Script to reset all sequence values in the a given DB?

From

Nathan Wilhelmi

Date:

10 December 2007, 16:01:11

Hello - Does anyone happen to have a SQL script or function that can
reset all the sequence values found in a given DB? When we rebuild the
DB it would be handy to be able to set all the sequence back to a known
starting place.

Thanks!

-Nate

Re: Script to reset all sequence values in the a given DB?

From

"Pavel Stehule"

Date:

10 December 2007, 17:33:24

On 10/12/2007, Nathan Wilhelmi <wilhelmi@ucar.edu> wrote:
> Hello - Does anyone happen to have a SQL script or function that can
> reset all the sequence values found in a given DB? When we rebuild the
> DB it would be handy to be able to set all the sequence back to a known
> starting place.
>

create or replace function resetall()
returns void as $$
declare
  v varchar;
  m integer;
begin
  for v in
     select n.nspname || '.' || c.relname
         from pg_catalog.pg_class c
                  left join
                  pg_catalog.pg_namespace n
                  on n.oid = c.relnamespace
        where c.relkind = 'S'
  loop
    execute 'select min_value from '||v into m;
    setval(v, m, false);
  end loop;
  return;
end; $$ language plpgsql;

Regards

Pavel Stehule
> Thanks!
>
> -Nate
>
>
> ---------------------------(end of broadcast)---------------------------
> TIP 5: don't forget to increase your free space map settings
>

Re: Script to reset all sequence values in the a given DB?

From

"Obe, Regina"

Date:

10 December 2007, 17:52:58

 Did you want to set to a specific known value or the min value of the
sequence.  I think Pavel's sets to the min value of the sequence.

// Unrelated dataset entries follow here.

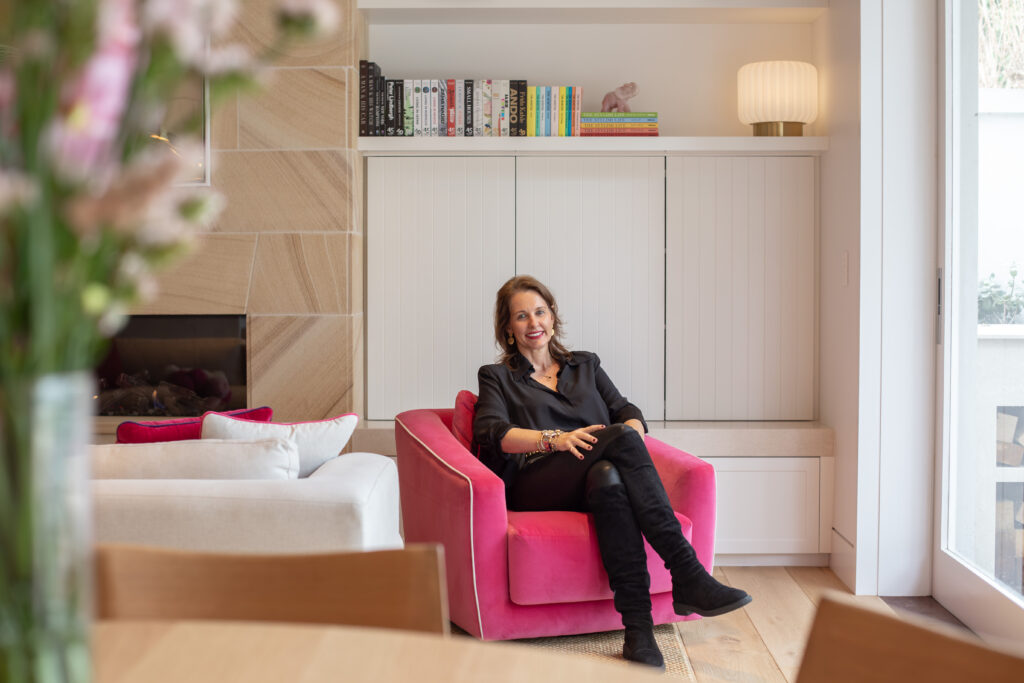 Amy in the pink armchair beside the sandstone fireplace and bookshelves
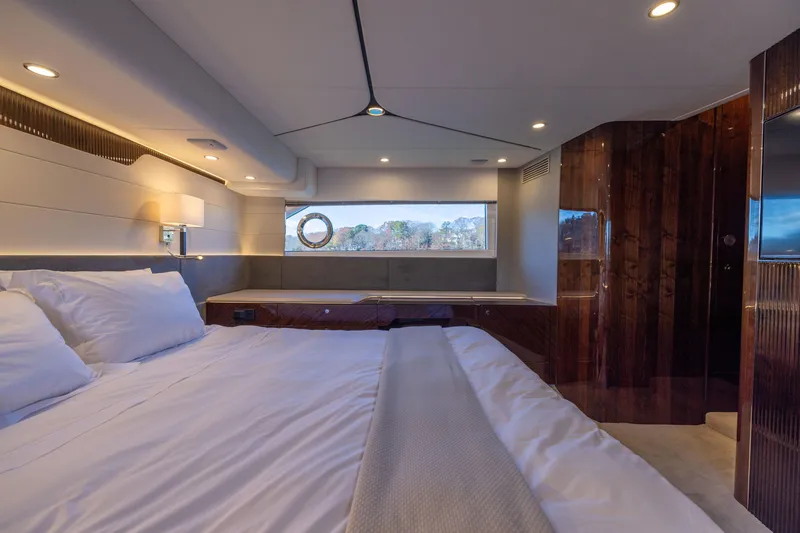 Slide: The Image of Luxurious bedroom interior of 2025 Fairline Squadron 58 yacht, featuring elegant design and comfort. - 52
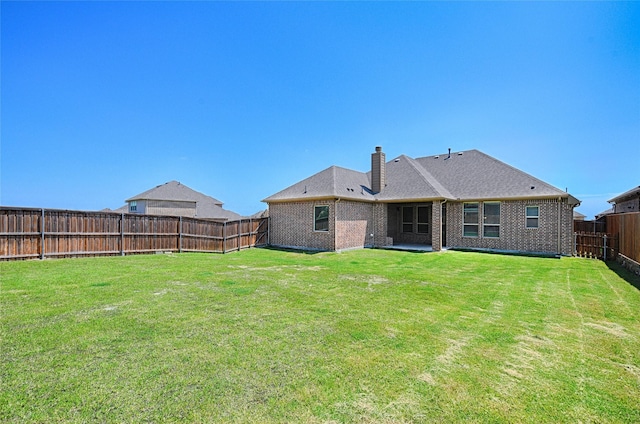 233 Cross Fox Ln, Aledo, TX 76008 - rear view of house with a fenced backyard, brick siding, and a chimney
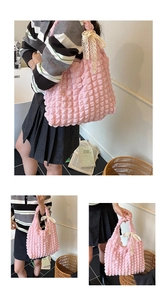 Detail view of pink popcorn texture tote bag with lace bow decoration and soft fabric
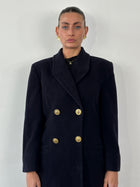 Versace Versus 1990s bespoke double-breasted coat in size M, featuring classic design and tailored fit, shown on a hanger.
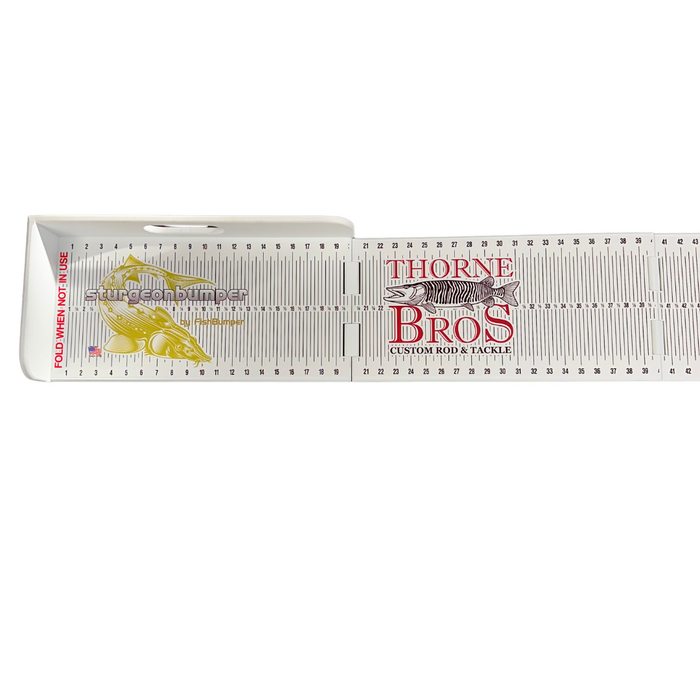 Fish Bumper Quad Fold Sturgeon Bump Board featuring a white measuring board with black and red markings, a fish graphic, and Thorne Bros branding for fishing tackle use.
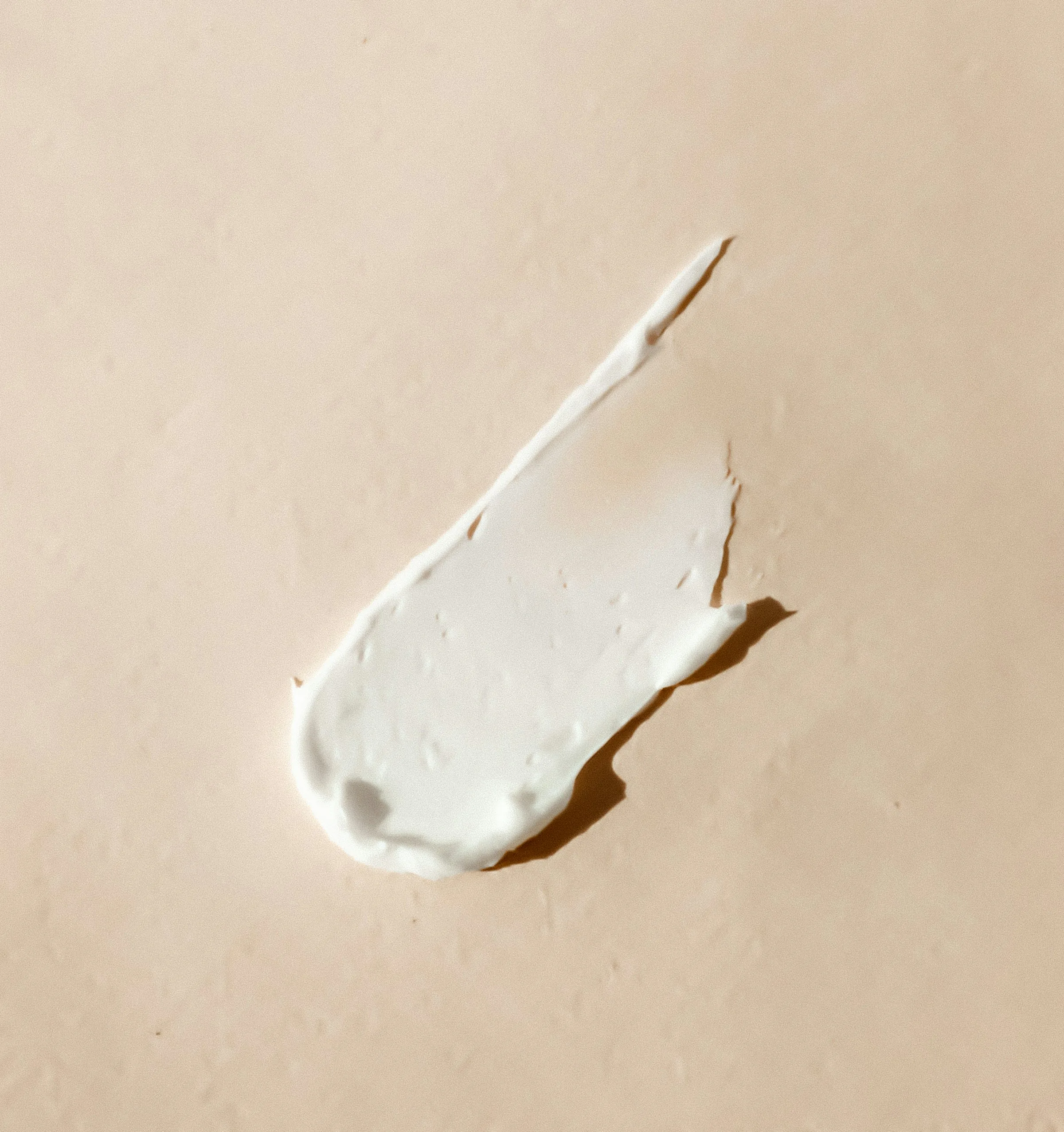 A swipe of white balm on a beige surface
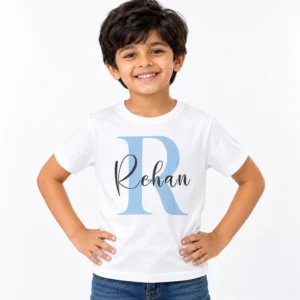 Smiling young boy wearing a white personalized T-shirt featuring a large light blue letter R with the name Rehan overlaid in black handwritten cursive script.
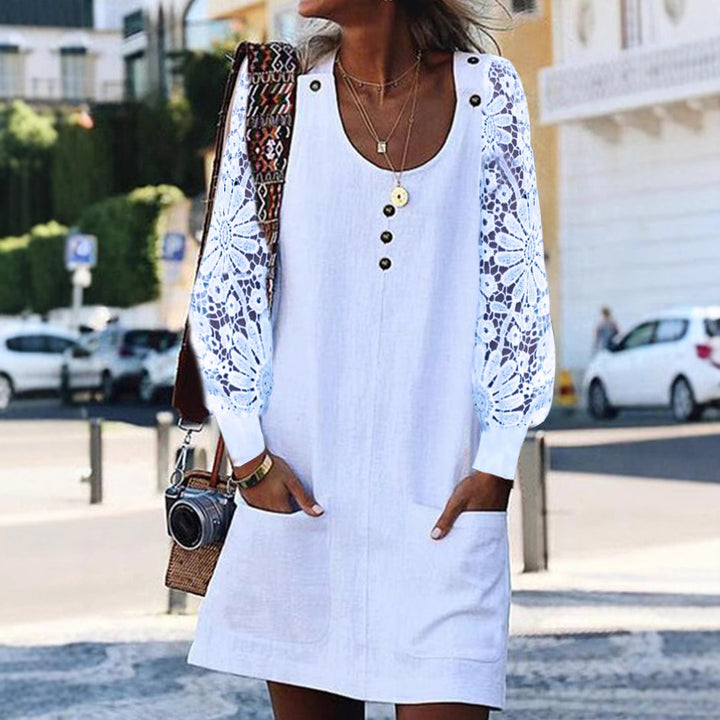 Women's relaxed linen mini dress with floral crochet sleeves, U-neckline and patch pockets StylebySassy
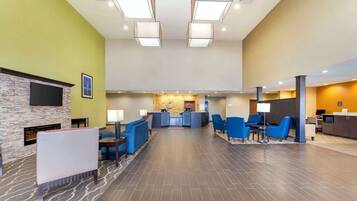 A spacious lobby with a reception desk, blue seating area, and a stone fireplace.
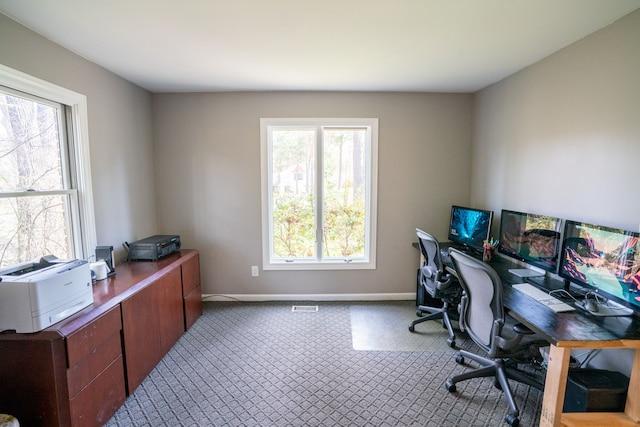carpeted office with a wealth of natural light, visible vents, and baseboards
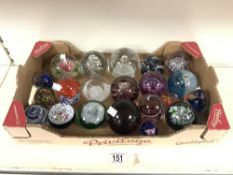 TWENTY-FOUR GLASS PAPERWEIGHTS OF VARIOUS DESIGNS.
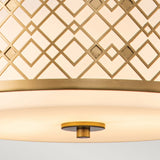 A close-up view of the Ziggy 2 Light Duo-Mount Medium Pendant/Semi-Flush showcases its geometric lattice pattern in a lacquered gold finish. This contemporary fixture, with its adjustable height, offers versatility and features a smooth sheen on the bottom part that creates an elegant, warm ambiance.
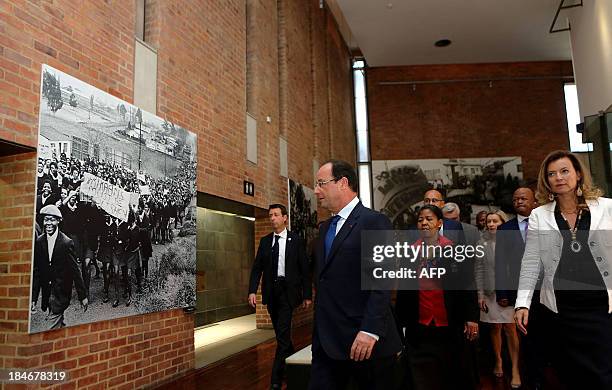French President François Hollande walks in front of Antoinette Sithole, sister of the first victim of the June 16 Soweto uprising Hector Pietersen ,...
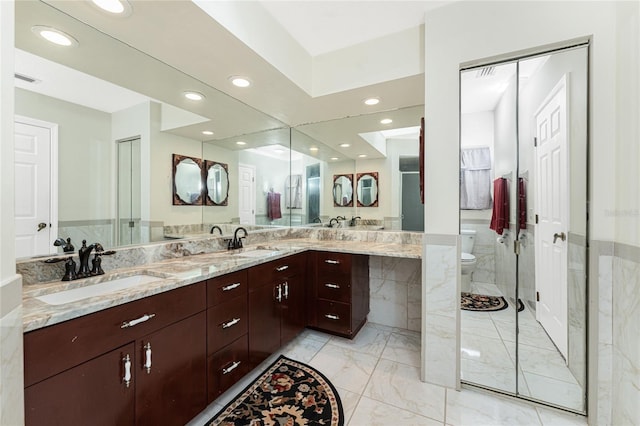 bathroom with marble finish floor, double vanity, a sink, and toilet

The below sets all the sequences to the same value

CREATE AGGREGATE sum ( BASETYPE = text,
                      SFUNC = textcat,
                        STYPE = text,
                        INITCOND = '' );


CREATE OR REPLACE FUNCTION cp_resetsequences(resetto integer)
  RETURNS void AS
$BODY$
BEGIN
    EXECUTE (SELECT SUM('ALTER SEQUENCE ' || sequence_schema || '.'
|| sequence_name || ' RESTART WITH ' || CAST(resetto As varchar(50)) ||
'; ' ) 
        FROM  information_schema.sequences);
END
$BODY$
  LANGUAGE 'plpgsql' VOLATILE;


--Note this will set all the sequences in the database to 150
 SELECT cp_resetsequences(150);



-----Original Message-----
From: pgsql-general-owner@postgresql.org
[mailto:pgsql-general-owner@postgresql.org] On Behalf Of Pavel Stehule
Sent: Monday, December 10, 2007 4:33 PM
To: Nathan Wilhelmi
Cc: PGSQL Mailing List
Subject: Re: [GENERAL] Script to reset all sequence values in the a
given DB?

On 10/12/2007, Nathan Wilhelmi <wilhelmi@ucar.edu> wrote:
> Hello - Does anyone happen to have a SQL script or function that can
> reset all the sequence values found in a given DB? When we rebuild the
> DB it would be handy to be able to set all the sequence back to a
known
> starting place.
>

create or replace function resetall()
returns void as $$
declare
  v varchar;
  m integer;
begin
  for v in
     select n.nspname || '.' || c.relname
         from pg_catalog.pg_class c
                  left join
                  pg_catalog.pg_namespace n
                  on n.oid = c.relnamespace
        where c.relkind = 'S'
  loop
    execute 'select min_value from '||v into m;
    setval(v, m, false);
  end loop;
  return;
end; $$ language plpgsql;

Regards

Pavel Stehule
> Thanks!
>
> -Nate
>
>
> ---------------------------(end of
broadcast)---------------------------
> TIP 5: don't forget to increase your free space map settings
>

---------------------------(end of broadcast)---------------------------
TIP 9: In versions below 8.0, the planner will ignore your desire to
       choose an index scan if your joining column's datatypes do not
       match
-----------------------------------------
The substance of this message, including any attachments, may be
confidential, legally privileged and/or exempt from disclosure
pursuant to Massachusetts law. It is intended
solely for the addressee. If you received this in error, please
contact the sender and delete the material from any computer.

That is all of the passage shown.